The war memorial (French: monument aux morts), "distinguished by its size, style, originality and sobriety", shows four wounded soldiers who have returned from the front and are heading for a first aid post. The leading soldier has been blinded. His right hand is held to his eyes and his left hand seems to be feeling for a way forward. The second soldier has been gassed and leans his head on the blinded soldier. Behind him the third man appears on the point of collapse and he is supported by the last of the soldiers who is also wounded and is clearly in a state of great shock. This monument stands in the place Delta in Malo-Les-Bains.

The memorial was inaugurated in June 1935.

==Other war memorials==

According to French Government records, Delphaut was the sculptor of the monuments aux mort listed below. There is however no full record of these monuments and Delphaut's compositions for them other than that at Longuyon which featured an allegorical representation of France holding an orphaned child whilst a dying infantryman lies at her feet.
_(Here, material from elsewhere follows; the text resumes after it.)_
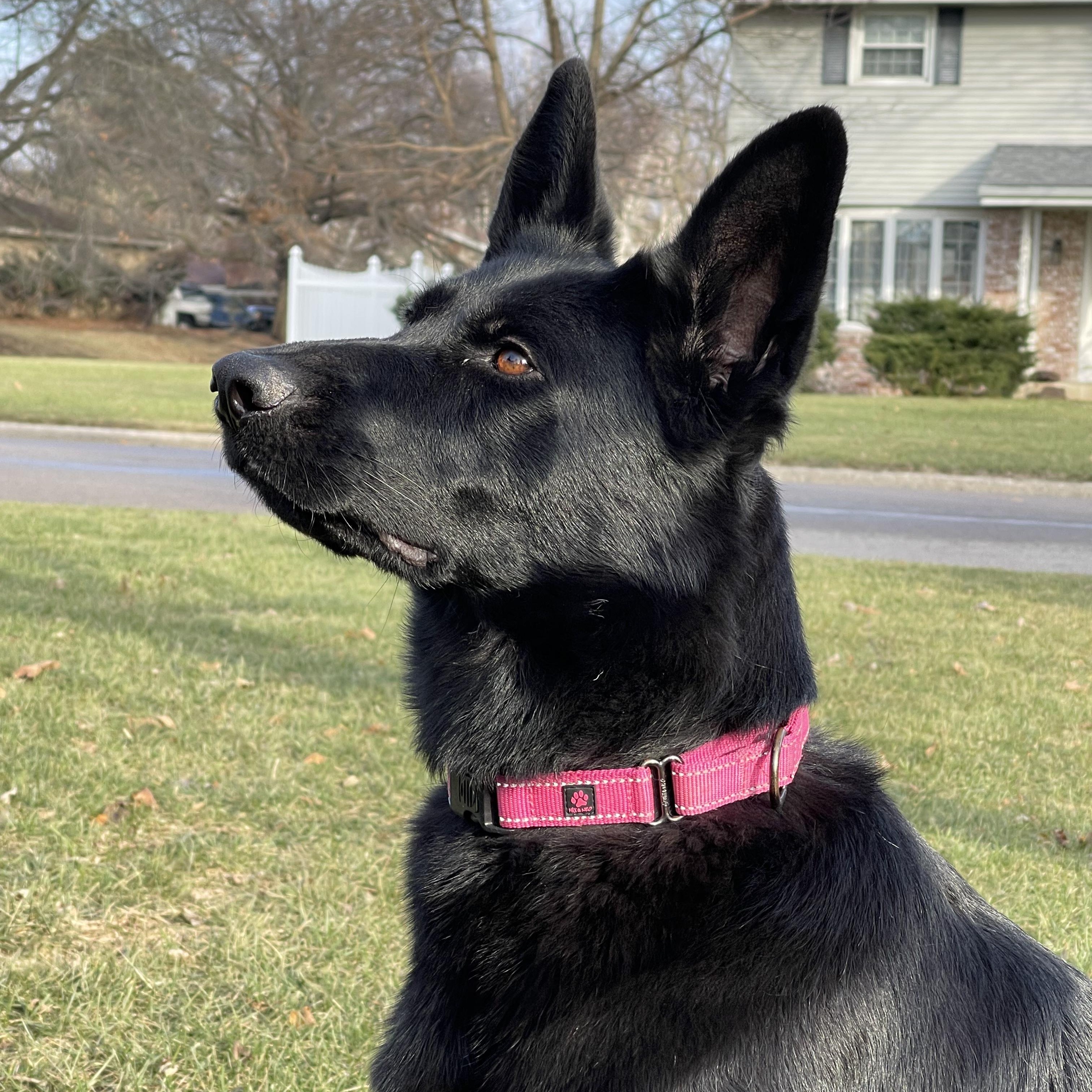 KOVA, ADOPTABLE, Adult Female German Shepherd Dog.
- 1917 - Memorial in Königsbrück, Saxony in Germany, dedicated to the Serbs who had died whilst in captivity.
- 1922 - The monument aux morts at Longuyon, Meurthe-et-Moselle, France.
- 1922 - The monument aux morts at Charency-Vezin, Meurthe-et-Moselle, France.
- 1924 - The monument aux morts at Montmedy, Meuse, France.
- 1926 - The monument aux morts at Rehon, Meurthe-et-Moselle, France.
- 1931 - The monument aux morts at Baslieux, Meurthe-et-Moselle, France.

==Professional organizations==
Delphaut was a laureate with the Société des Artistes Français. He participated in the Salon exhibition of 1933.